# Source data
- - - - - - -

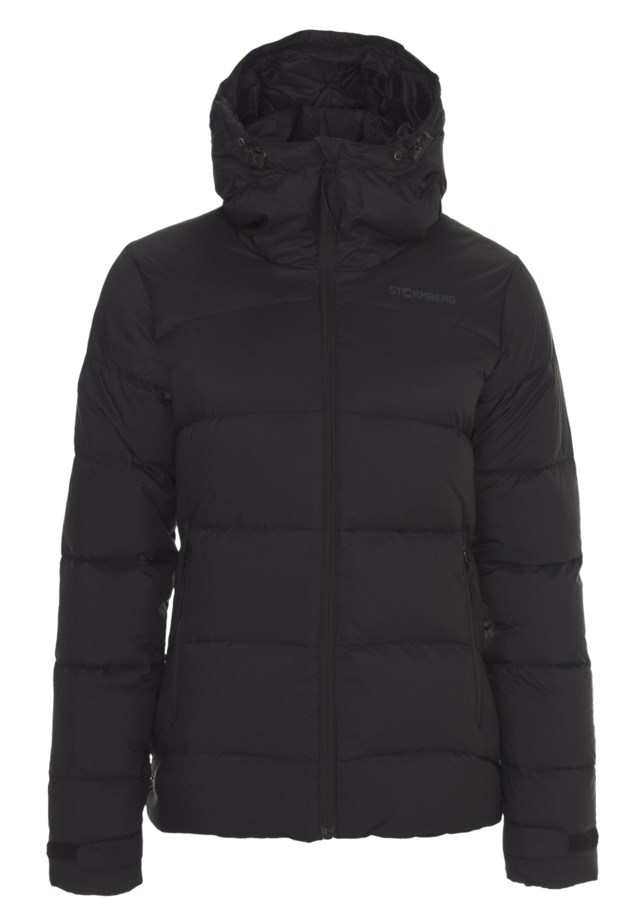Hyfjell dunjakke Jet Black - 1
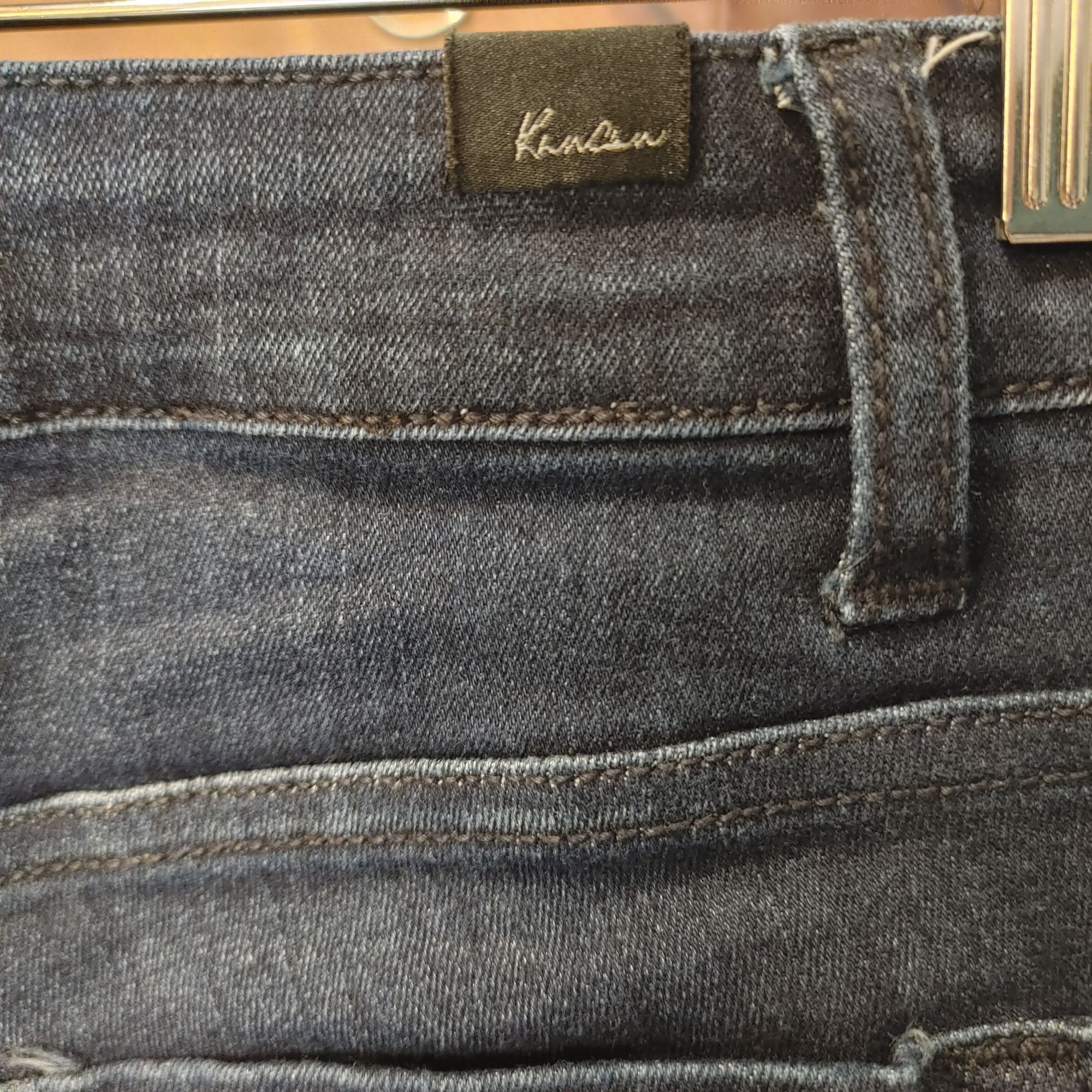 Other Kancan Los Angeles Women's Dark Blue Skinny Jeans 7 Size 28" / US 6 / IT 42 - 3 Thumbnail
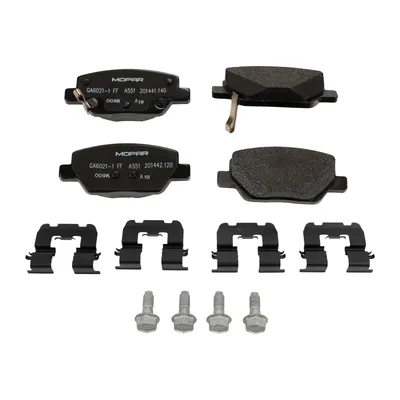 Brake pads rear Fiat Original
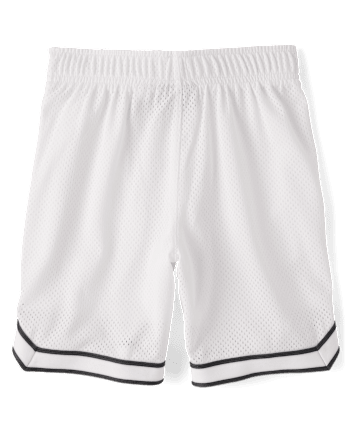 Kids Quick Dry Lined Mesh Active Shorts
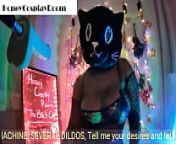 HONEY COSPLAY ROOM- THE BLACK CAT -- PT.1 from liz katz nude cosplay patreon video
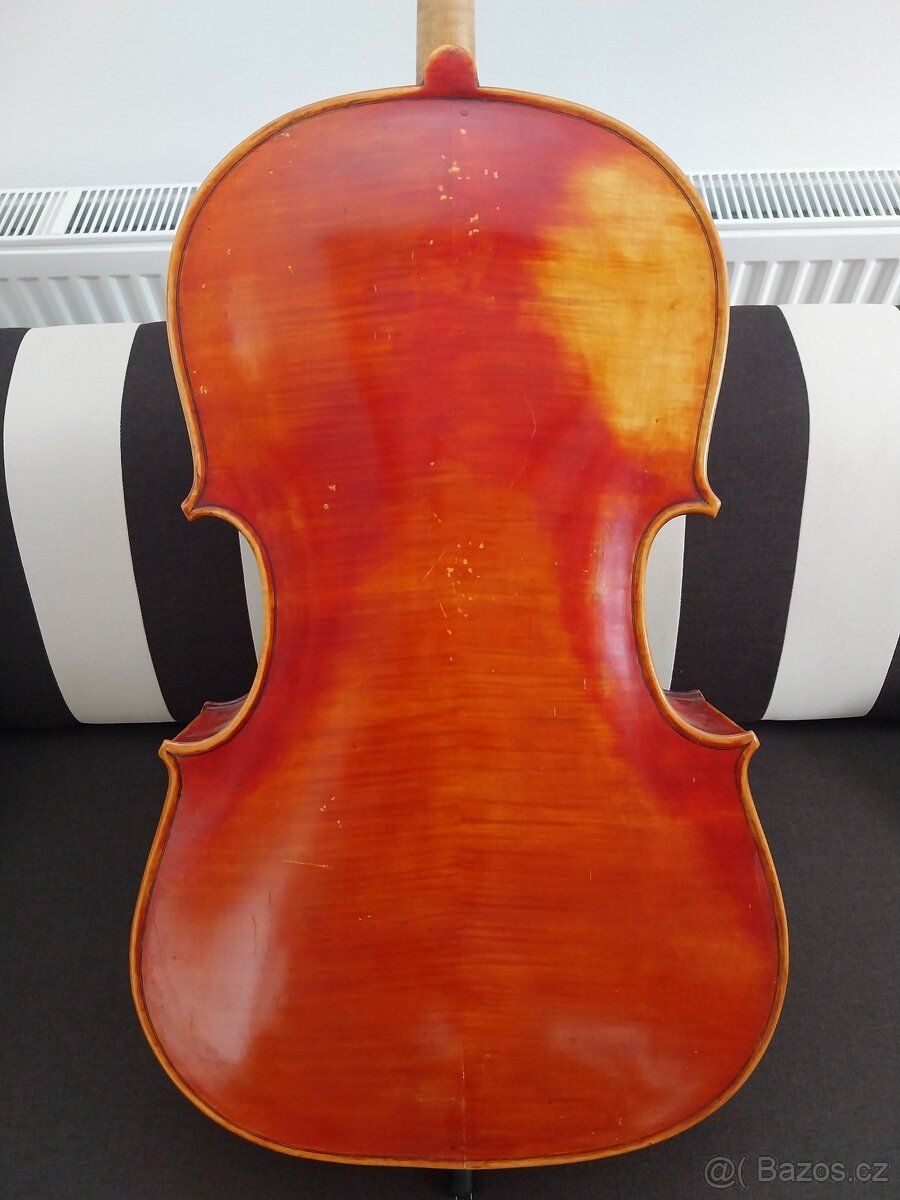 Celomasívni violoncello 4/4 - 4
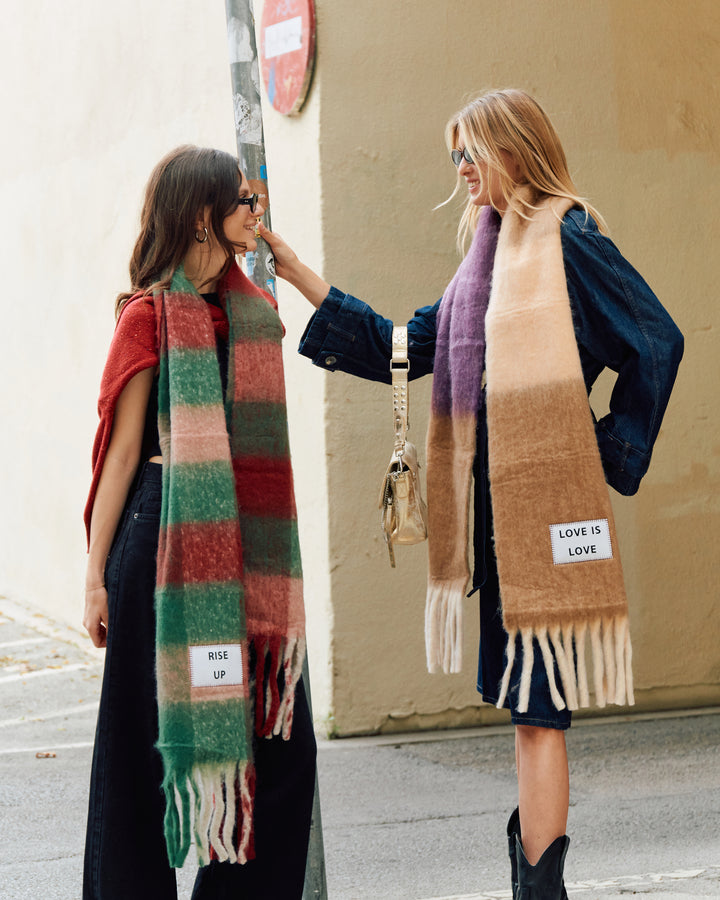 Maxi Scarf Rise Up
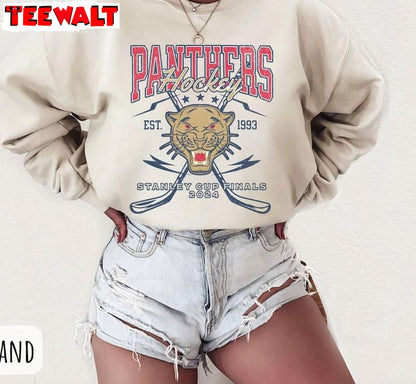 Trendy Panthers Hockey Sweatshirt, Limited Florida Panthers Shirt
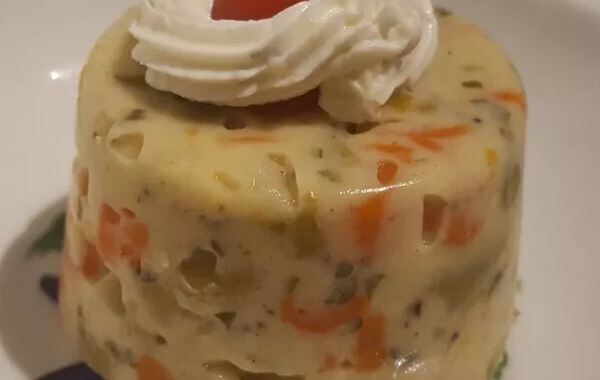 Terrine de macedoine surprise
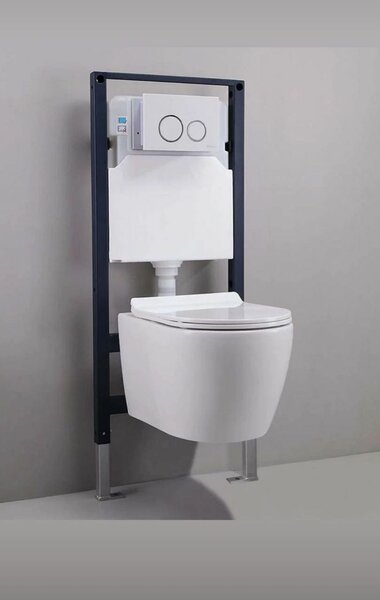 Concealed WC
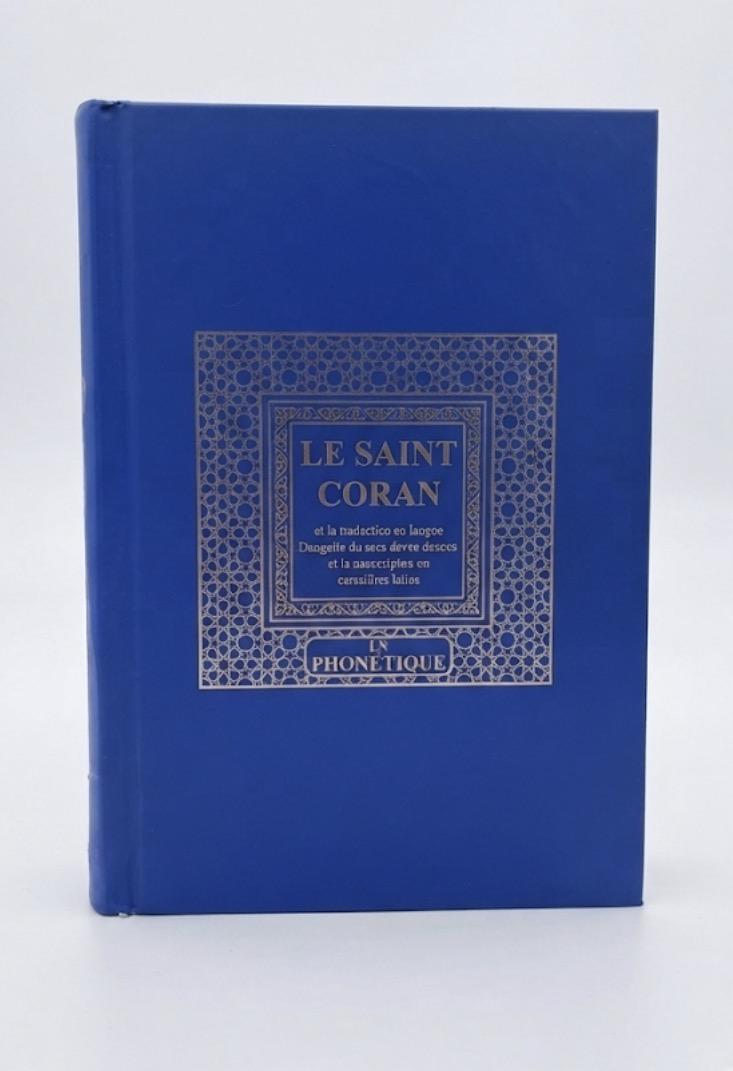 Le saint coran arabe français phonétique moyen modèle 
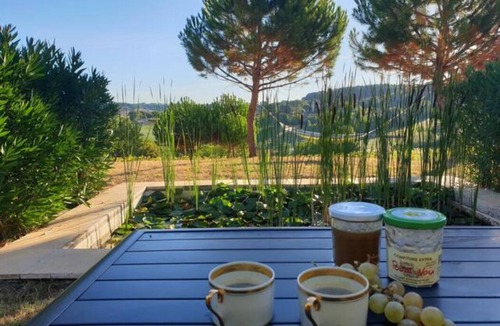 Sainte-Juliette Cottage | Charming stone french Gite in South West for holidays with swimming pool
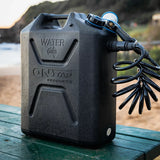ONTAP Portable 12V Camping Shower - Black image 0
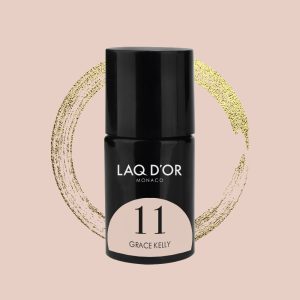 LAQ D'OR nude gel polish grace kelly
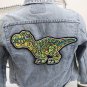 Dinosaur Patches Applique for Jacket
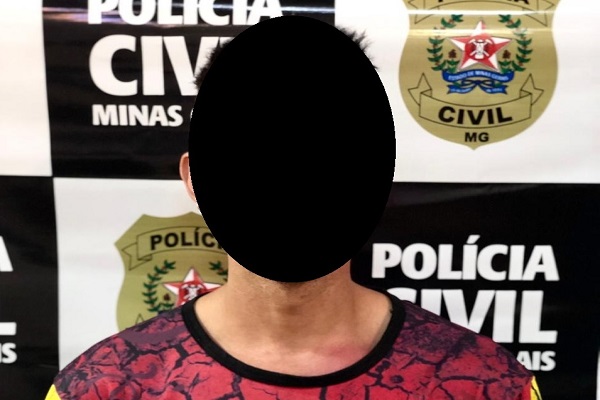 Policia Civil prende homem que chantageava menor a lhe enviar fotos nuas Policia Civil de Divinopolis - Divinews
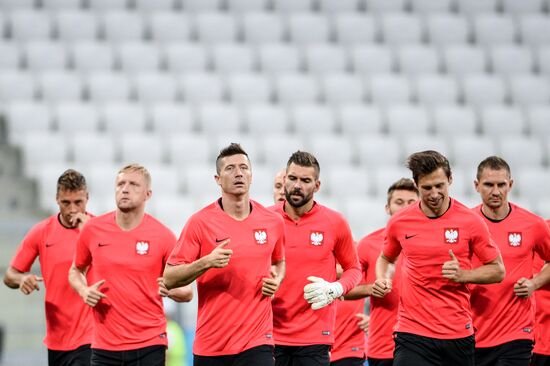 Russia World Cup Poland Training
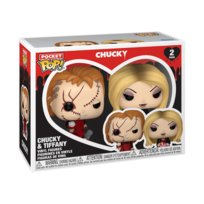 Funko - brelok ,figurka kolekcjonerska,Chucky Franchise, Valentines 2 sztuki- Chucky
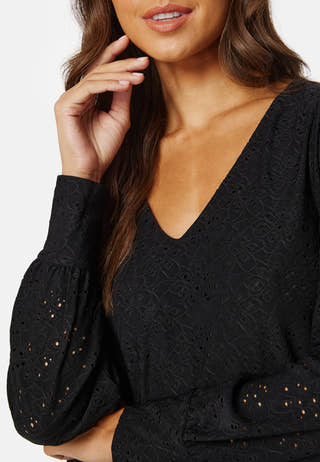 Paulina V-Neck L/S Top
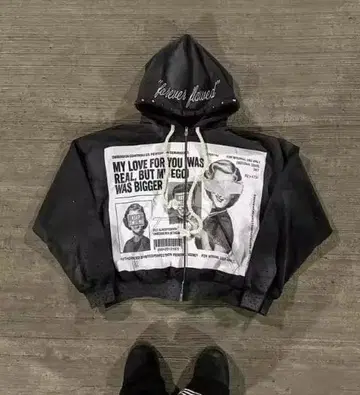 상하의 세트 별도 판매 가능 y2k 블랙 셋업 후드 부착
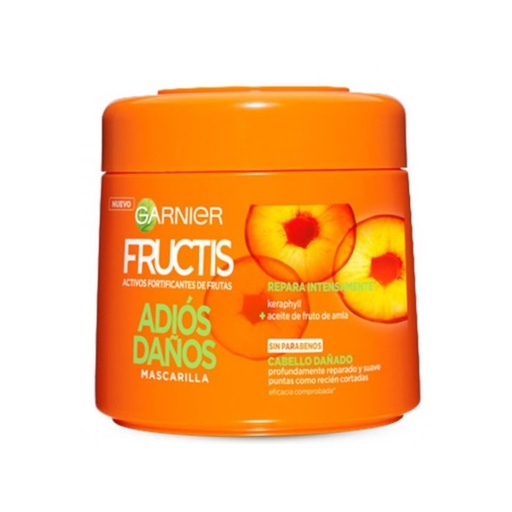 [160996] Garnier Fructis Mascarilla Despedida Daño 300ml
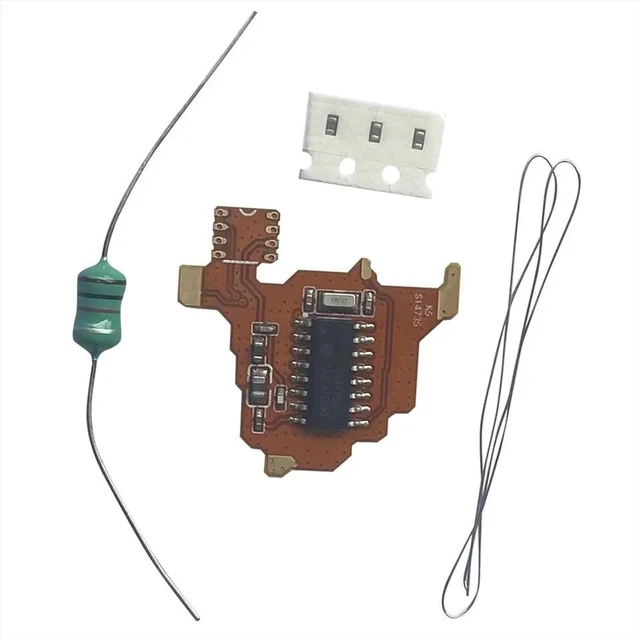 Alt view image 3 of 3 - SI4732 Chip and Crystal Oscillator Component Radio Modification Module V2 FPC Version for UV-K5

- - - - - - -

# Problem statement
Exact lines only, please. Repeat everything from the top of the records through the line containing "Concealed WC", both ends in and pictures out.

# Answer to this exercise
Hyfjell dunjakke Jet Black - 1
 Other Kancan Los Angeles Women's Dark Blue Skinny Jeans 7 Size 28" / US 6 / IT 42 - 3 Thumbnail
 Brake pads rear Fiat Original
 Kids Quick Dry Lined Mesh Active Shorts
 HONEY COSPLAY ROOM- THE BLACK CAT -- PT.1 from liz katz nude cosplay patreon video
 Celomasívni violoncello 4/4 - 4
 Maxi Scarf Rise Up
 Trendy Panthers Hockey Sweatshirt, Limited Florida Panthers Shirt
 Terrine de macedoine surprise
 Concealed WC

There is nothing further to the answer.